The transport workers have told the media that the state government is forcing them to operate the buses in the morning despite their duties being scheduled for the afternoon. Additionally, more temporary workers were trained for only a couple of days to operate the buses and issue travel tickets.

During the 2021 state election campaign, the DMK made several electoral promises in relation to longstanding issues confronting state transport workers. Since coming to power, however, the DMK government has reneged on its promises to state transport workers, just as it has to other sections of workers.

After the DMK came to power in 2021, workers from various public sectors, such as child care, state electricity, sanitation and teaching, have conducted strikes and protests as the government dropped its electoral promises. It is expected that more sections of workers will come forward this year.

It should be noted that the Stalinist CPM, to which the CITU is affiliated, and the CPI, which is affiliated to AITUC, were electoral allies of the DMK. They still support the DMK as part of the opposition alliance at the national level, and they are working to provide a right-wing alternative government by exploiting the growing opposition to the Hindu supremacist and fascistic Bharatiya Janata Party (BJP)-led government in the upcoming general elections.

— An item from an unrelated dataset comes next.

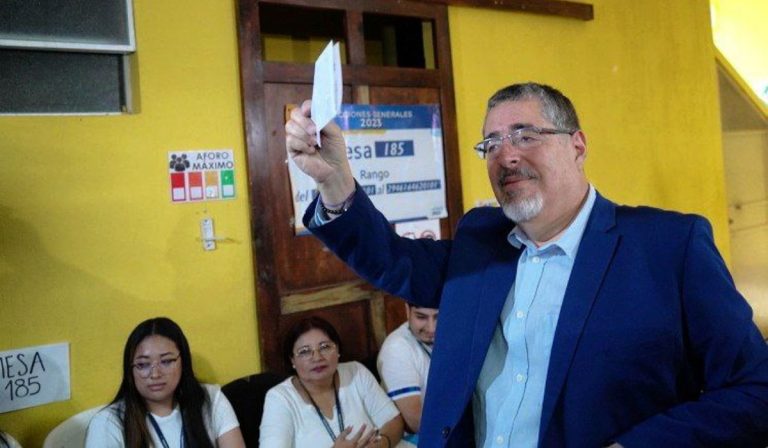 Así fue el triunfo de Bernardo Arévalo, nuevo presidente de izquierda radical en Guatemala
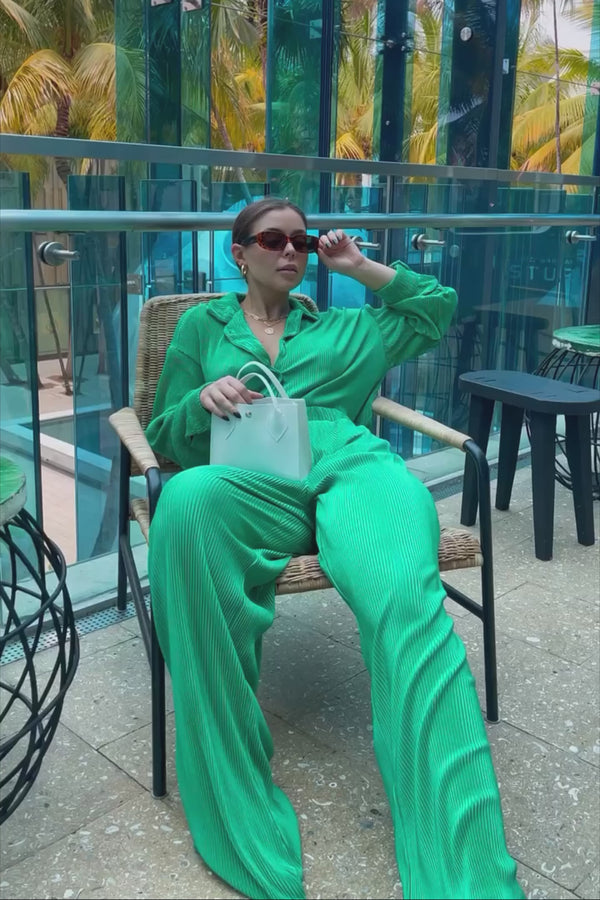 'Vacanza' Plisse Button Down Pant Set in Emerald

DMK Transport Minister S S Sivasankar has openly attacked the transport workers’ strike as “politically motivated,” and warned of action against strikers. He lyingly claimed workers’ demands would be addressed “when the financial situation improves.” Tamil Nadu has the highest amount of outstanding debt among all states and union territories. The state’s outstanding debt stood, as per budget estimates for 2022-23, at 75,400 billion rupees. The DMK government, like its predecessor AIADMK at the state level and the BJP-led central government, plans to impose the full burden of this economic crisis on the backs of workers.

But workers are not responsible for the financial crisis of the state or state transport corporation and must not pay for it. Hence, workers must demand that they be paid what they are entitled to immediately.

The treacherous role of union apparatuses flows from the reactionary politics of the political parties with which they are affiliated. The Stalinist CPM and CPI have functioned as the main props of Indian bourgeois rule for decades through their political subordination of the working class to the so-called progressive section of Indian bourgeoisie. For decades, they have been promoting Congress and regional bourgeois parties like DMK as “secular” alternatives to the Hindu supremacist BJP.

At the same time, the Stalinist parties have concealed the reactionary class character of the DMK and its anti-working-class record and program. They continue to promote the DMK as a “secular” and “progressive” ally and a “champion of social justice.”

The Indian working class needs to politically break from Stalinist parties and the union bureaucracies and mobilize itself as an politically independent force to rally the rural poor behind it, overthrow bourgeois rule and establish a workers and peasants government committed to socialist policies. This will be a part of broader struggle against war, social inequality and dictatorship and the fight for socialism in South Asia and internationally. What is crucially needed for building such an independent movement of the Indian working class is the building of a section of the International Committee of the Fourth International.